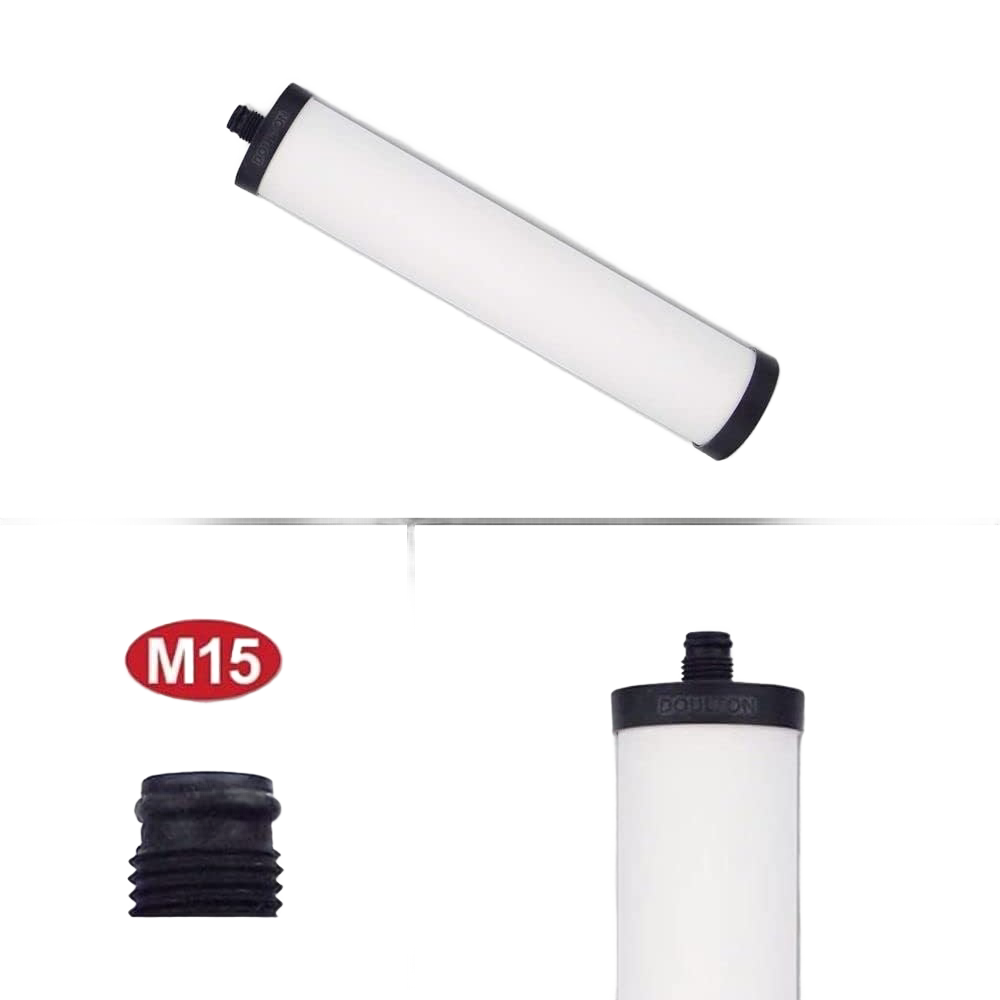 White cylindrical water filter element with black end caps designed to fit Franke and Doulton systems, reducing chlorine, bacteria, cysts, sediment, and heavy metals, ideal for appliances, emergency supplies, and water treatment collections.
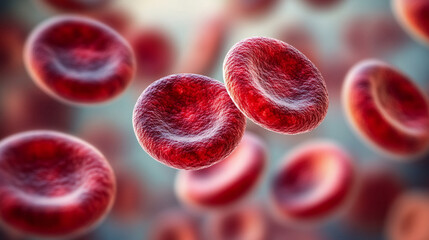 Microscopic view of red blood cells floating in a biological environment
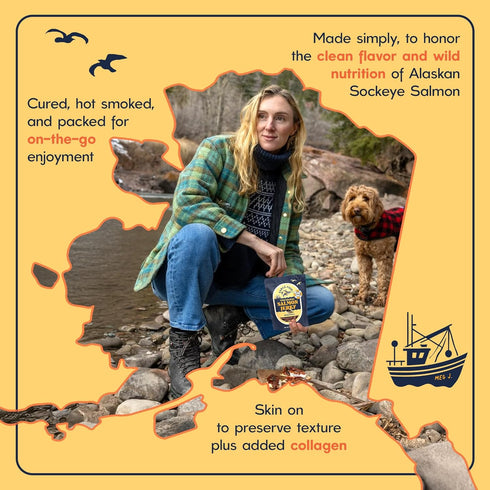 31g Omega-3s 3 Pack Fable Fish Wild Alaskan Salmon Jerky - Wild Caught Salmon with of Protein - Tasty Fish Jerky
--
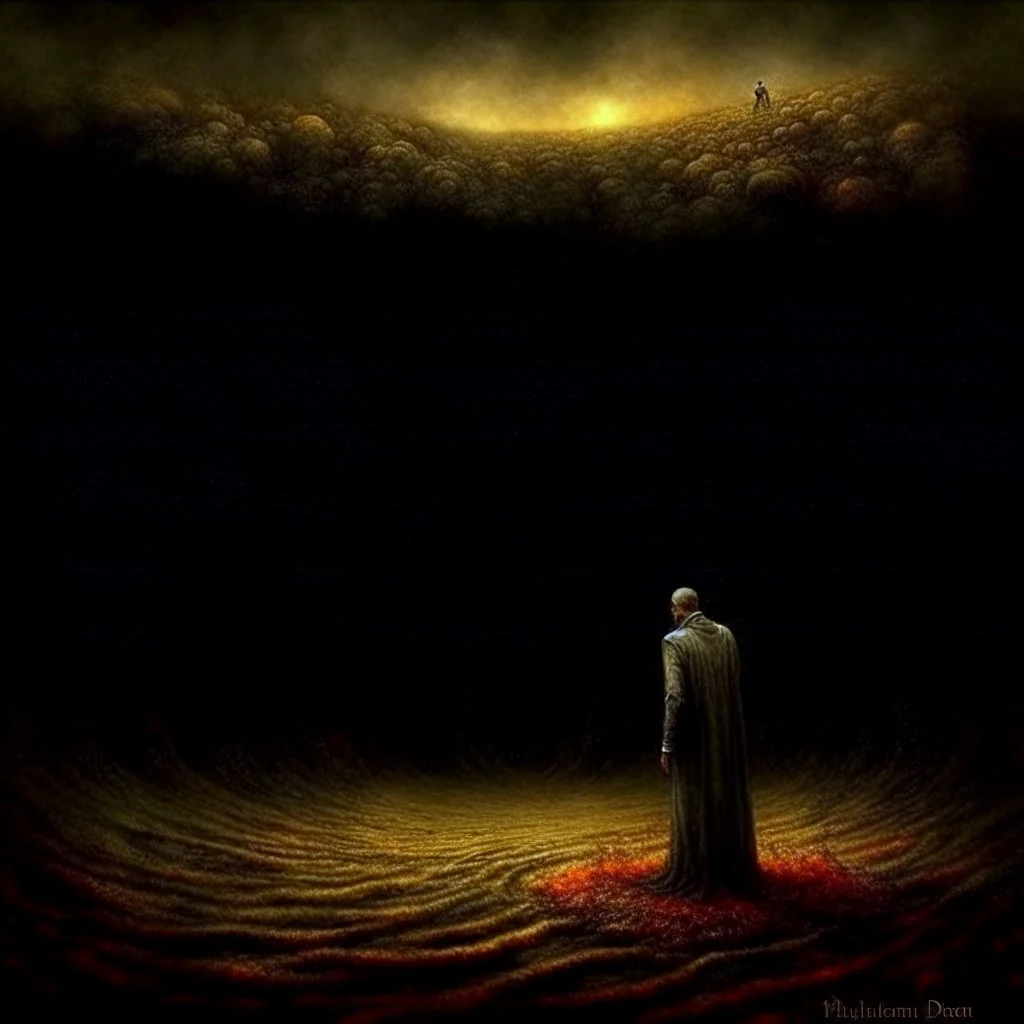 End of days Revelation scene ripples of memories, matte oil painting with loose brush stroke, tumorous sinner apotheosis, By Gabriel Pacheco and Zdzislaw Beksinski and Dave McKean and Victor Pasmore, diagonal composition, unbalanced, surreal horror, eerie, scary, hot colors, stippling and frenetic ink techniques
---
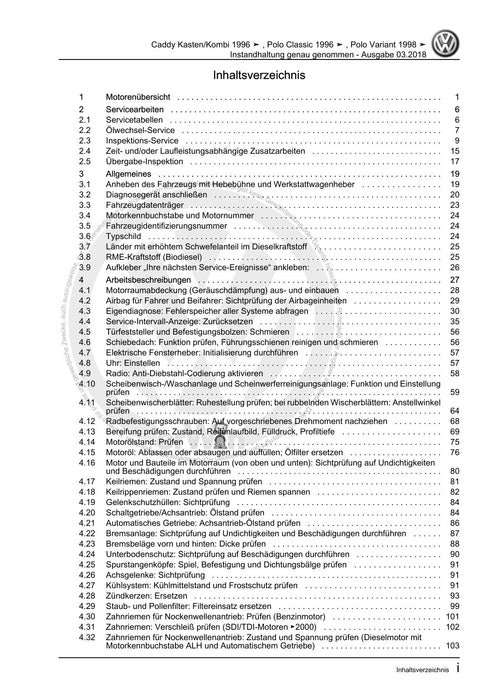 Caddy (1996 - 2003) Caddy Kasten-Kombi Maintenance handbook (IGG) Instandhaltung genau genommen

WHAT THIS TASK INVOLVES →
Beginning at the line that has "White cylindrical water" and ending at the line that has "31g Omega-3s 3", restate the listing above word for word, pictures left out.

TASK RESULT →
 White cylindrical water filter element with black end caps designed to fit Franke and Doulton systems, reducing chlorine, bacteria, cysts, sediment, and heavy metals, ideal for appliances, emergency supplies, and water treatment collections.
 Microscopic view of red blood cells floating in a biological environment
 31g Omega-3s 3 Pack Fable Fish Wild Alaskan Salmon Jerky - Wild Caught Salmon with of Protein - Tasty Fish Jerky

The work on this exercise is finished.